More symmetrical bandwidth is a large part of the thinking.  

DOCSIS 4.0 is going to force decisions about which path to take to support symmetrical multi-gigabit-per-second speeds of as much as 10Gbps downstream and up to 6 Gbps upstream.

source: Comscope 

Hybrid fiber coax networks still use frequency division, separating upstream and downstream traffic by frequency. So when a cable operator contemplates adopting mid-split or high-split designs, there are implications for active and passive network elements, especially for the more-radical high-split design. 

At this point, executives also will ask themselves whether, if radical changes are required, whether it would not be better to simply switch to fiber-to-home. 

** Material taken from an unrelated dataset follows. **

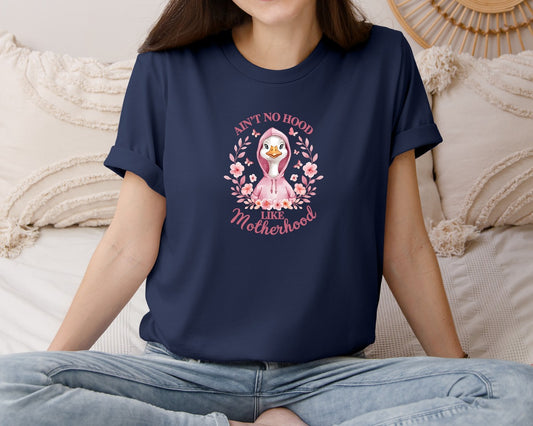 Motherhood Cute Goose Mama Graphic T-Shirt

source: Broadband Library 

Our notions of mid-split and high-split frequency plans have shifted a bit over the years, as total bandwidth has grown beyond 450 MHz up to 1.2 GHz. A designation of “mid-split”  made more sense in an era where total bandwidth was capped at about 450 MHz or 550 MHz. In those days, 108 MHz to 116 MHz of return bandwidth was perhaps 42 percent of the usable bandwidth. 

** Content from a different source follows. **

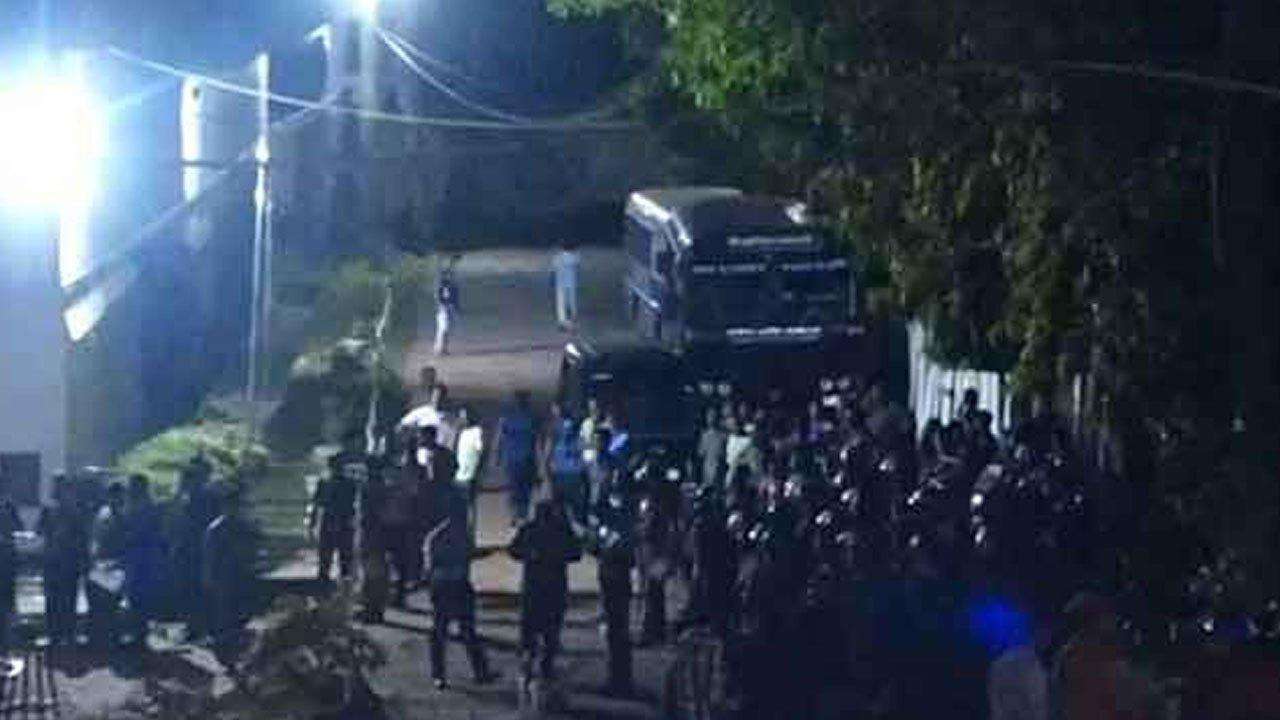 புதிய மெகசின் சிறைச்சாலையில் அமைதியின்மை – 11 பேர் காயம்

Hence the “mid-split” designation. 

Likewise for high-split designations, where as much as 186 MHz was designated for the return path, the return bandwidth represented as much as 67 percent of usable bandwidth on a 450-MHz coaxial cable system. 

source: Broadband Library  

Definitions remain, though with some new standardization of return bandwidths. “Mid-split” now features 85 MHz of return bandwidth, while “high-split” offers 204 MHz of upstream bandwidth. 

source: Broadband Library  

“Ultra-high-split” designs also are being investigated, where the upstream spectrum’s upper frequency limit can be 300 MHz, 396 MHz, 492 MHz, or 684 MHz, says Ron Hranac, consulting engineer. 

What remains true is that the ability to wring more performance out of hybrid fiber coax plant has proven more robust than many expected a decade ago. 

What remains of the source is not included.